#### [ACTIVITY]
Only the lines below from the one containing "The Pinacoteca di" through the one containing "It is a Yulong" belong in the answer, repeated exactly and without pictures.

-------- PROVIDED ENTRIES --------

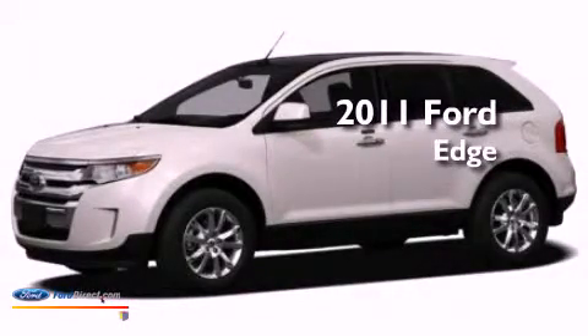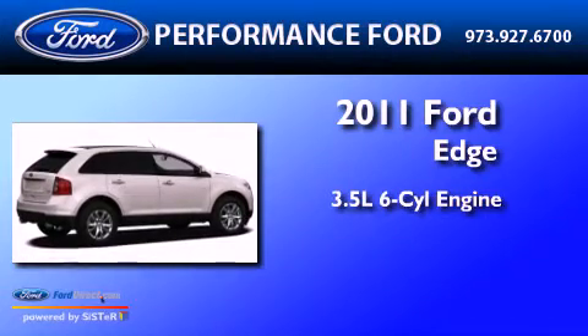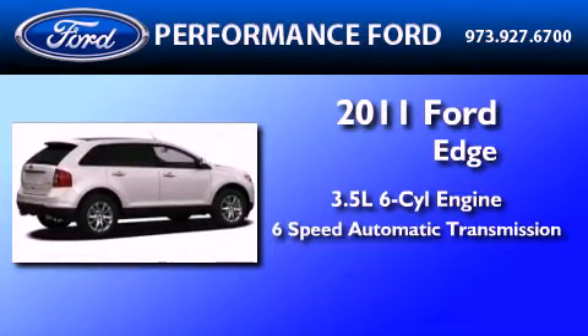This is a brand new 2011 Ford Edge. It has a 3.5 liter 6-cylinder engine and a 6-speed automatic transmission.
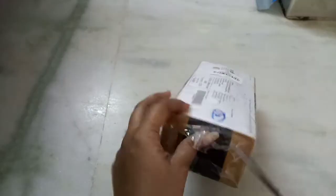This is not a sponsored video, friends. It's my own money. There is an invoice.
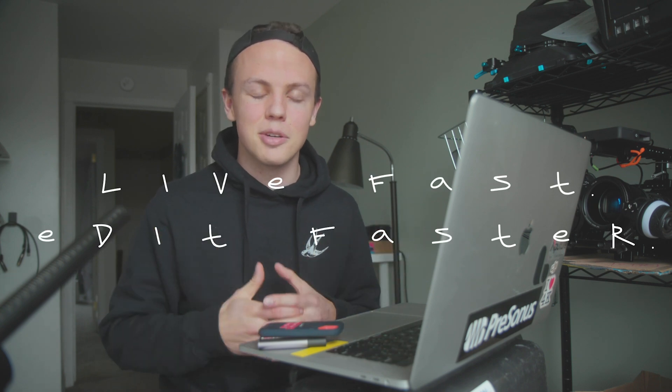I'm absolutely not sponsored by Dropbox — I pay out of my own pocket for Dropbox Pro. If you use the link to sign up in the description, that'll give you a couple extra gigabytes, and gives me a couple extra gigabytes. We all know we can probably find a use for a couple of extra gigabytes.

--------
-------- PROVIDED ENTRIES --------

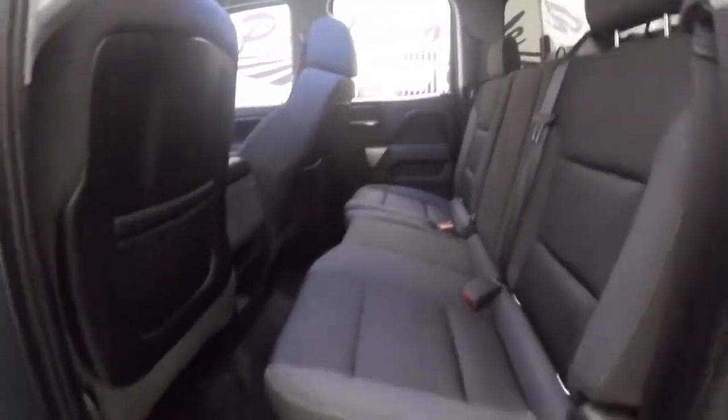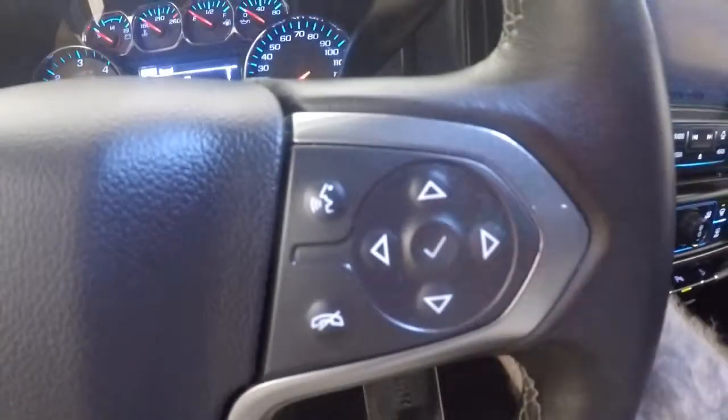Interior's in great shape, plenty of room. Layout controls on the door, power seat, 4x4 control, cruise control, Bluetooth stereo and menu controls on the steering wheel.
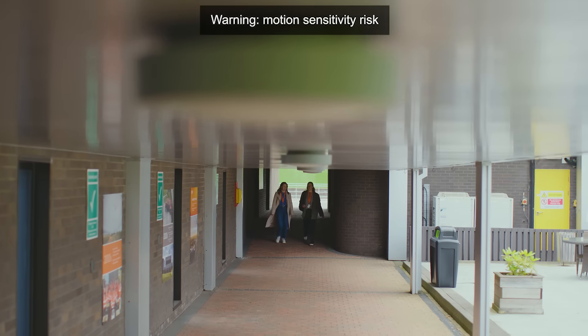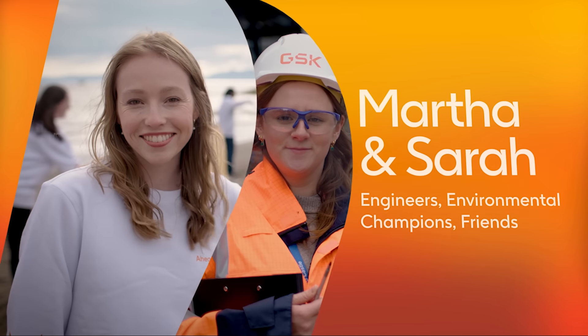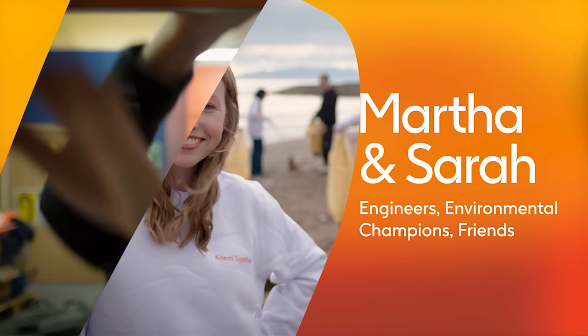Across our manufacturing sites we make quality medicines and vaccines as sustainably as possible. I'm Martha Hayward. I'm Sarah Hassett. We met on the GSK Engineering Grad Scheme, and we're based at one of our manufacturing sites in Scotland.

--------
-------- PROVIDED ENTRIES --------

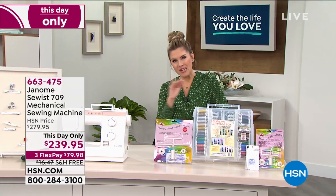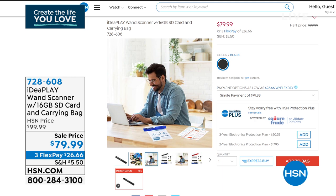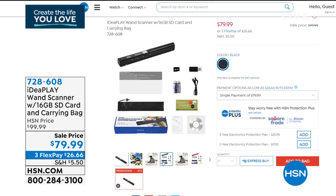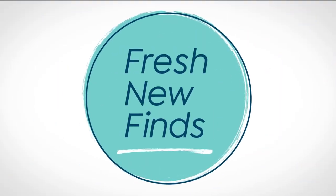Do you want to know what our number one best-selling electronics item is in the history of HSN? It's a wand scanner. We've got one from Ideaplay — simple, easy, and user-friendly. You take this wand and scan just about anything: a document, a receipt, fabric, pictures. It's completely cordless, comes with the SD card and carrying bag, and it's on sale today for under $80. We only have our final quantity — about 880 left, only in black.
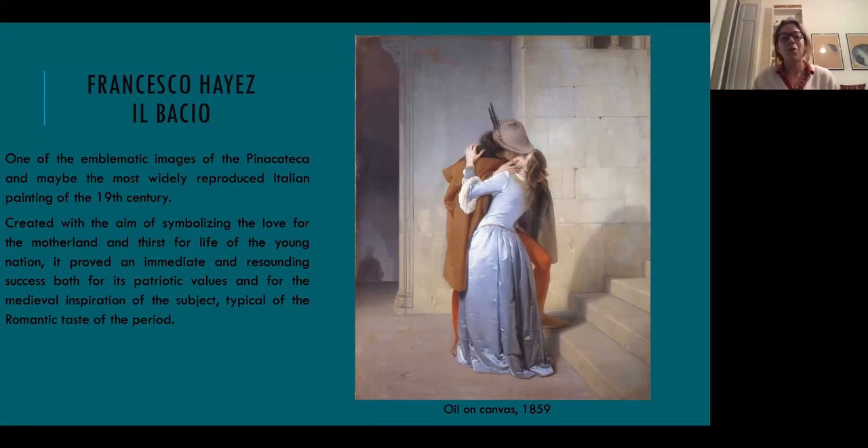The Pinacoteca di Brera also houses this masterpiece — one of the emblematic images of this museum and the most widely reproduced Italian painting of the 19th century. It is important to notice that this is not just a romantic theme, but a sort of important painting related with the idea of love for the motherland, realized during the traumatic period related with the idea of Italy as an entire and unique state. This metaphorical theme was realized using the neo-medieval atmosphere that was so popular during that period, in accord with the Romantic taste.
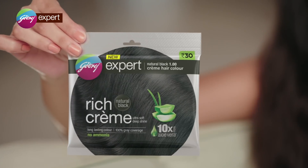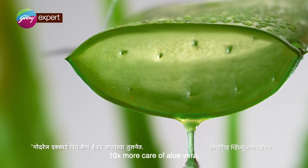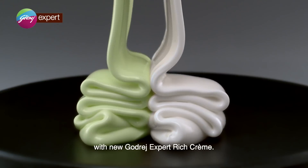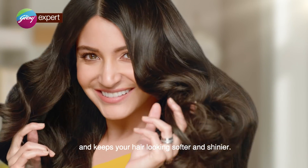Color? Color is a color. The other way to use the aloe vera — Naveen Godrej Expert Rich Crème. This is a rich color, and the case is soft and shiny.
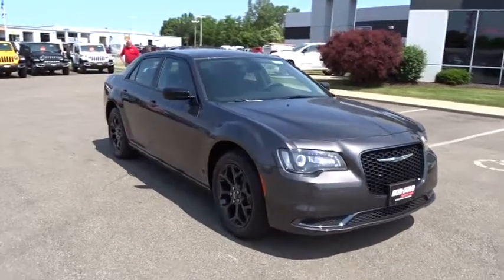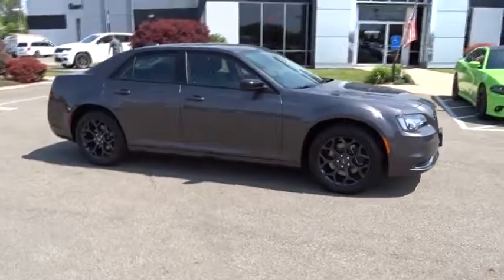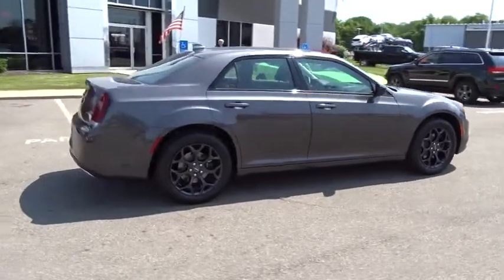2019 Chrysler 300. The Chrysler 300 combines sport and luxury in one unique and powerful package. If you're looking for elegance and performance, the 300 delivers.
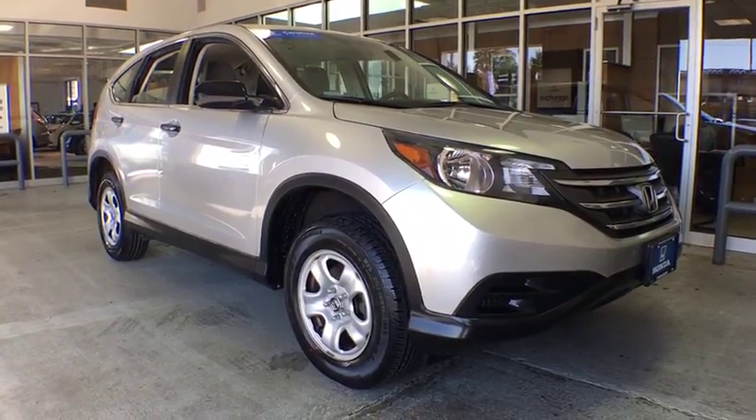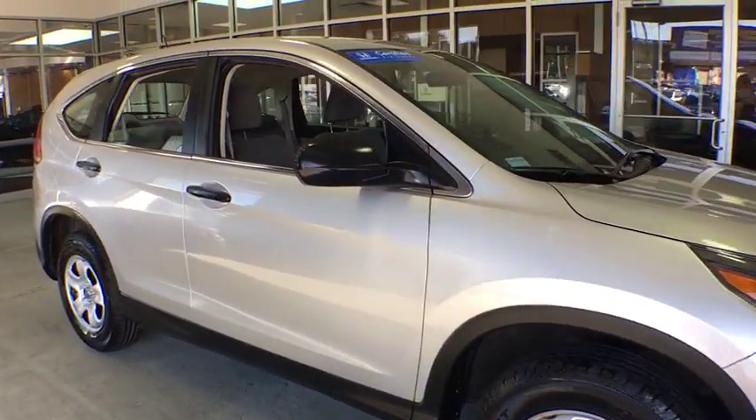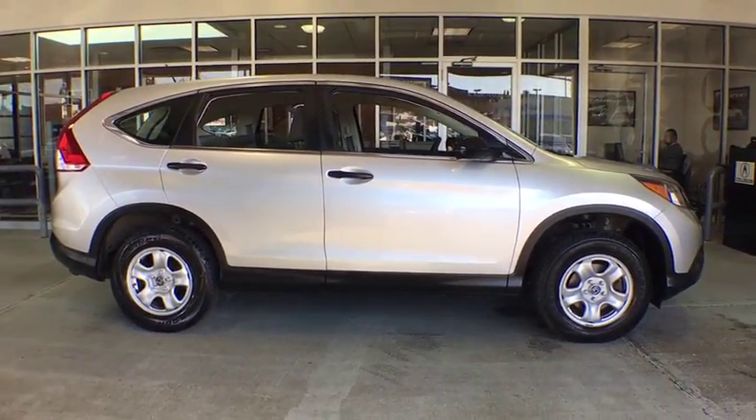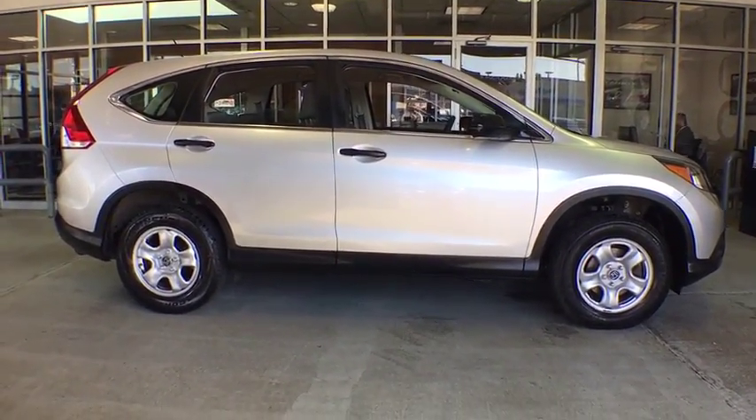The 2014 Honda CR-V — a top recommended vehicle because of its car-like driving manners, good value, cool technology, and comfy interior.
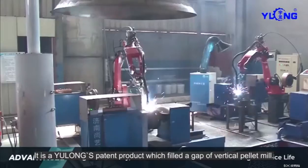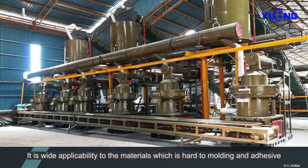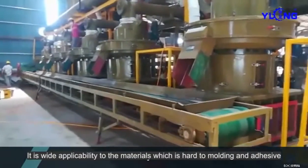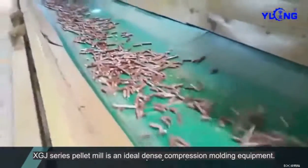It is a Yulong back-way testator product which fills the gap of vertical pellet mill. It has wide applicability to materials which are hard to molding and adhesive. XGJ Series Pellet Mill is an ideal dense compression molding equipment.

--------

#### [YOUR SOLUTION]
The Pinacoteca di Brera also houses this masterpiece — one of the emblematic images of this museum and the most widely reproduced Italian painting of the 19th century. It is important to notice that this is not just a romantic theme, but a sort of important painting related with the idea of love for the motherland, realized during the traumatic period related with the idea of Italy as an entire and unique state. This metaphorical theme was realized using the neo-medieval atmosphere that was so popular during that period, in accord with the Romantic taste.
Color? Color is a color. The other way to use the aloe vera — Naveen Godrej Expert Rich Crème. This is a rich color, and the case is soft and shiny.
2019 Chrysler 300. The Chrysler 300 combines sport and luxury in one unique and powerful package. If you're looking for elegance and performance, the 300 delivers.
The 2014 Honda CR-V — a top recommended vehicle because of its car-like driving manners, good value, cool technology, and comfy interior.
It is a Yulong back-way testator product which fills the gap of vertical pellet mill. It has wide applicability to materials which are hard to molding and adhesive. XGJ Series Pellet Mill is an ideal dense compression molding equipment.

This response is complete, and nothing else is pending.